(Task objective) The listing is to be transcribed in full, with its images left out.

(Dataset excerpt)
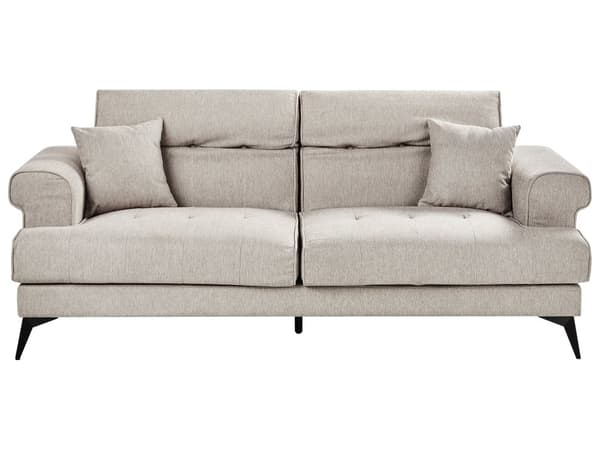 3-seters Sofa Taupe Stoff med Justerbare Nakkestøtter Moderne Stuemøbler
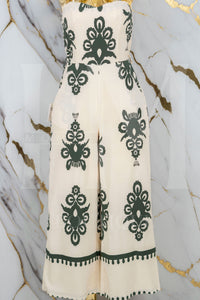 Palazo formal con cinto con estampado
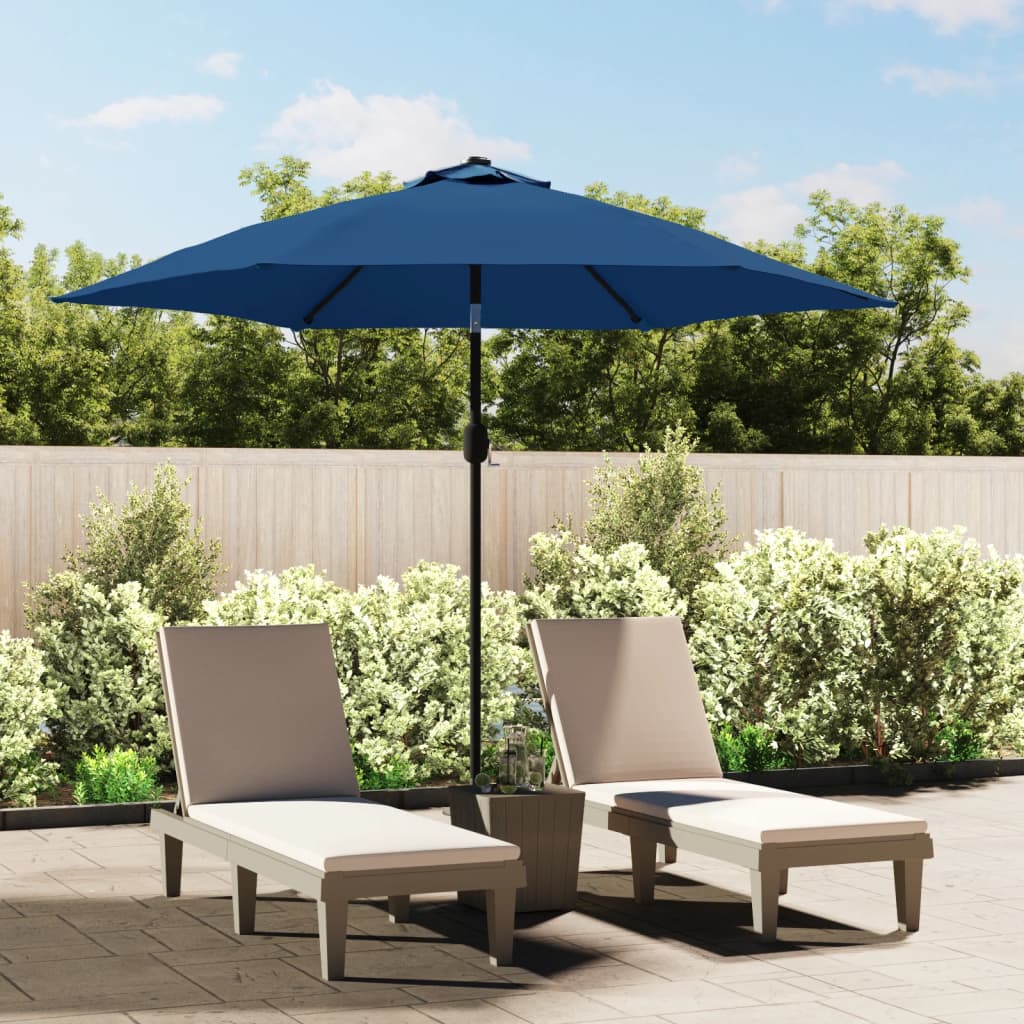 vidaXL Garden Parasol with Metal Pole 300 cm Azure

(Response to the exercise)
 3-seters Sofa Taupe Stoff med Justerbare Nakkestøtter Moderne Stuemøbler
 Palazo formal con cinto con estampado
 vidaXL Garden Parasol with Metal Pole 300 cm Azure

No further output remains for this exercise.